Trigonometric Function Calculator – Solve Trig
Calculate sine, cosine, tangent and their inverse functions with precision
Basic Functions
Inverse Functions
Right Triangle
Quick Reference
Unit Circle
What are Trigonometric Functions?
Trigonometry is the branch of mathematics that studies relationships between side lengths and angles of triangles.
Sine, Cosine, Tangent
The primary functions are ratios of a right triangle's sides. Sine is Opposite/Hypotenuse, Cosine is Adjacent/Hypotenuse, and Tangent is Opposite/Adjacent.
Inverse Functions
If you know the side ratio but need the angle, you use inverse functions: arcsin (sin⁻¹), arccos (cos⁻¹), and arctan (tan⁻¹).
Reciprocal Functions
Cosecant (csc), Secant (sec), and Cotangent (cot) are simply the flipped fractions of sin, cos, and tan, respectively.
The Unit Circle
A circle with a radius of 1 helps visualize trig functions. The x-coordinate of a point on the circle is the cosine, and the y-coordinate is the sine.
Degrees vs. Radians
Angles can be measured in degrees (0 to 360) or radians (0 to 2π). Radians are based on the circle's radius and are standard in higher mathematics.
Periodic Waves
If you graph sine and cosine over time, they form continuous, repeating wave patterns. This makes them perfect for modeling oscillations.
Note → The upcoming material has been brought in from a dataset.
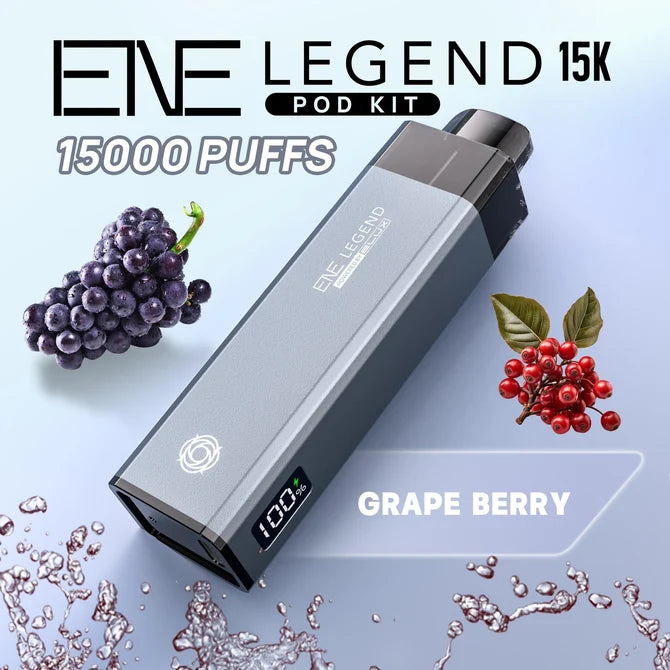 Elux ENE Legend 15k Pod Vape Kit - £9.99 Only Regular price £9.99 | Cheapest Vape Shop in Uk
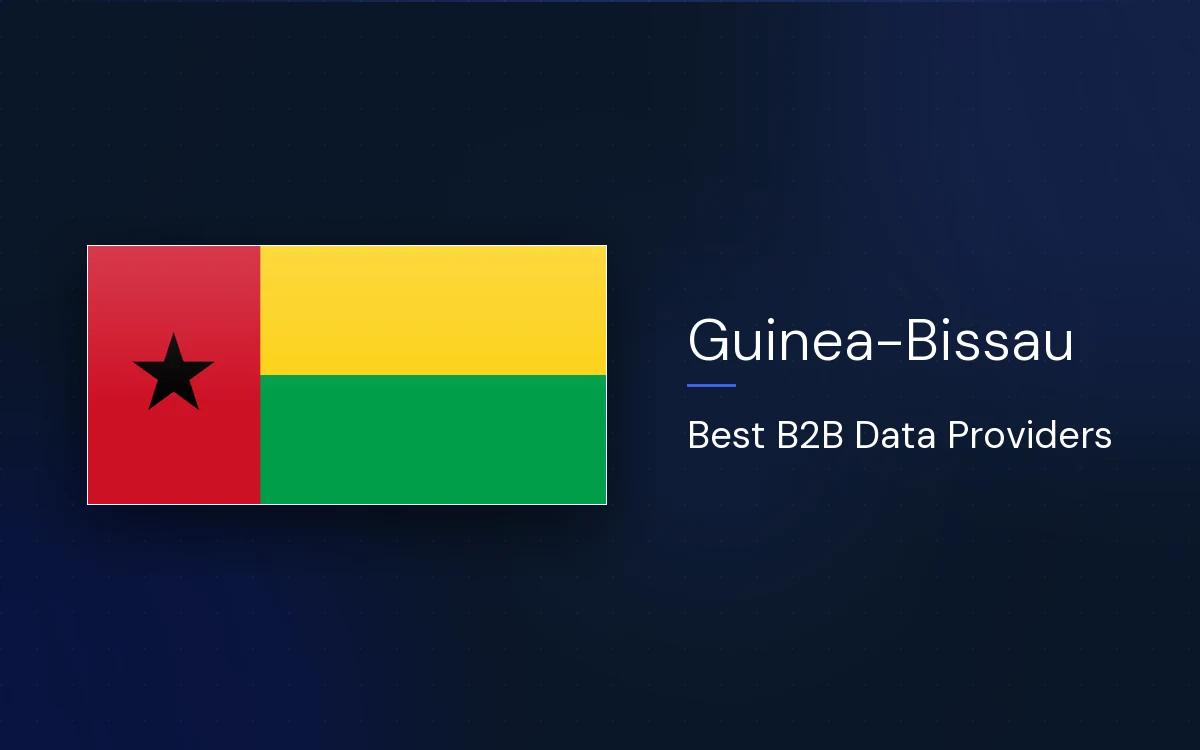 6 Best B2B Data Providers in Guinea-Bissau in 2026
Where is Trigonometry Used?
From building bridges to designing video games, trigonometry is an essential tool in science and technology.
Architecture & Engineering
Engineers use trig to calculate structural loads, roof pitches, and the exact lengths of cables needed for suspension bridges.
Music & Acoustics
Sound travels in waves. Audio engineers use sine and cosine functions to model, synthesize, and manipulate sound frequencies in digital music.
Navigation & Aviation
Pilots and ship captains use trigonometry to calculate true flight paths, accounting for vector forces like wind speed and direction.
Video Game Design
Every time a 3D character rotates, or a bullet ricochets off a wall at a specific angle, the game engine is rapidly calculating trig functions.
Astronomy
Astronomers use a technique called parallax (which relies on triangle geometry) to determine the exact distances to nearby stars and planets.
Electrical Engineering
Alternating Current (AC) electricity—the power coming from wall outlets—is modeled mathematically as a pure sine wave.
How to Avoid Common Trigonometry Mistakes?
Ensure your calculations are perfect by watching out for these frequent errors when solving math problems.
Check Calculator Mode
The #1 mistake in trig! Always ensure your calculator is set to the correct mode (Degrees vs. Radians) before you begin calculating.
Remember SOH CAH TOA
Use this mnemonic to remember ratios: Sin=Opp/Hyp, Cos=Adj/Hyp, Tan=Opp/Adj.
Inverse Function Limits
You cannot take the arcsin or arccos of a number greater than 1 or less than -1. Doing so will result in an "Undefined" error.
Reciprocal vs Inverse
Don't confuse $sin^{-1}(x)$ (inverse sine) with $(sin(x))^{-1}$ (reciprocal sine, which is cosecant). They mean completely different things!
Quadrant Signs (ASTC)
Remember "All Students Take Calculus" to know which functions are positive in Quadrants I (All), II (Sin), III (Tan), and IV (Cos).
The Pythagorean Identity
If you know Sine, you can find Cosine. Remember the golden rule of trig: $sin^2(\theta) + cos^2(\theta) = 1$. It works for every angle!